Una vieja dice que ha visto a un enviado de los religiosos envenenar el agua de la fuente de la Mariblanca -en la Puerta del Sol-. Otros cuentan que un fraile ha dejado caer los polvos venenosos en las cubas de agua que había junto a la fuente del Ave María, en la calle de este nombre.
Surgen enseguida armas. La actitud de los grupos es amenazadora por momentos. Mientras unos quedan en la Puerta del Sol, gritando; otros se dirigen vociferando hacia la Plaza Mayor. Van hombres y mujeres y chiquillos. Expresiones duras, frenéticas. En las manos, palos, escopetas y puñales.
El muchacho asesinado en plena Puerta del Sol
En el verano, los aguadores, a la pesada hora primera de la tarde, dejan sus vasijas de cobre en el borde de las fuentes y duermen la siesta. Ese día 17 de julio, los aguadores, como otras tardes, han dejado sus cántaros junto a los bordes de la Mariblanca y se defienden del calor dormitando. Un muchacho que por allí estaba pone, inconscientemente, la mano sobre uno de los cántaros. Alguien lo ve:
-¡Lo mandan los frailes para que envenene las aguas!
Se echan sobre él, lo persiguen, lo acorralan. Descargan sobre su cuerpo indefenso toda clase de golpes y de heridas. El muchacho cae muerto en plena Puerta del Sol, ante el edificio que había de ser más tarde Ministerio de la Gobernación.

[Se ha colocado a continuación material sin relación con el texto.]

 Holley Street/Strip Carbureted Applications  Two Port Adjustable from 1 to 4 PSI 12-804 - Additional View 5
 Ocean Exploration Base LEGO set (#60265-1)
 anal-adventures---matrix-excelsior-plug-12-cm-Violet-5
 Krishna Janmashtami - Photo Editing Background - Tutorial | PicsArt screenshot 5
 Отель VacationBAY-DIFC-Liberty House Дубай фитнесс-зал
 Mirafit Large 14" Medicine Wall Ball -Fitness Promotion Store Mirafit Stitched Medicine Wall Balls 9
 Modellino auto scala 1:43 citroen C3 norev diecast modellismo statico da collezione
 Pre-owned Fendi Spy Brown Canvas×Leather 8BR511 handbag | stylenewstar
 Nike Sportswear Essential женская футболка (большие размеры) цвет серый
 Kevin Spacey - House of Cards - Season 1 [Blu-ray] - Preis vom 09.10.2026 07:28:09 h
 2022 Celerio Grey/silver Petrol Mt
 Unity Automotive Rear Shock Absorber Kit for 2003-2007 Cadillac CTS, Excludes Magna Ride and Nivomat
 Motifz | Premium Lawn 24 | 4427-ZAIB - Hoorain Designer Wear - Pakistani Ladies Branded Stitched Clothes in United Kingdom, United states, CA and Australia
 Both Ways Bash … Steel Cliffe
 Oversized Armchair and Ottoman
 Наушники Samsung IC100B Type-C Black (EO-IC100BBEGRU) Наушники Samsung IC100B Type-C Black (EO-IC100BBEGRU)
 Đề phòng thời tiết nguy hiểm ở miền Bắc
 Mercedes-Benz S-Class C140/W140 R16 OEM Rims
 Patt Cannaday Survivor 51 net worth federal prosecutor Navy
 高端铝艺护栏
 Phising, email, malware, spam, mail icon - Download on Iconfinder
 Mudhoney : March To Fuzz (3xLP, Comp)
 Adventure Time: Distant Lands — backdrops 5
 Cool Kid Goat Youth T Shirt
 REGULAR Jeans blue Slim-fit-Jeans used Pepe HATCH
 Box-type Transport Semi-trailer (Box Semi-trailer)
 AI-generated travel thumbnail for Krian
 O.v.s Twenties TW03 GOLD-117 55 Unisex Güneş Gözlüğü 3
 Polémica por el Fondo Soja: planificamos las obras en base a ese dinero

Una nueva invención prende en el ánimo de la multitud enfurecida.
-¡Tenía un cómplice! ¡Y se ha escondido en el Colegio de los Jesuitas!
Y hacía allá. hacia el Colegio de los padres jesuitas de San Isidro, en la calle de Toledo, van las turbas.
Los sacos de arena que recibe el Padre Gracián
Un tal Pedro López, apodado el Tablas, dice que él mismo ha llevado desde una posada de la Cava Baja varios sacos de arena a un padre jesuita de los que tienen su residencia en el colegio de la calle Toledo.
- ¿Para qué quieren los frailes esos sacos de polvos? ¡Con eso es con lo que han envenenado las aguas!
Efectivamente, desde esas posadas de la Cava Baja varios sacos de tierra destinados al padre Gracián, uno de los jesuitas de la calle de Toledo. Se los enviaban desde Cataluña, y los arrieros los depositaban en aquellas posadas. El padre Gracián tenía su celda sembrada de aquella tierra que le enviaban desde Cataluña. Era de un apasionado misticismo, y mortificaba duramente su cuerpo. Se decía de él que dormía desnudo sobre la arena de la celda.
El Tablas lanza la patraña de que en esos sacos de arena que el padre Gracián recibe están los polvos que envenenan las aguas. Es un nuevo motivo para la furia popular, para el encono de las turbas crédulas y zafias, ignorantes y crueles, que se dirigen, llenas de rencor homicida, calle de Toledo abajo, hacía el Colegio de los Jesuitas.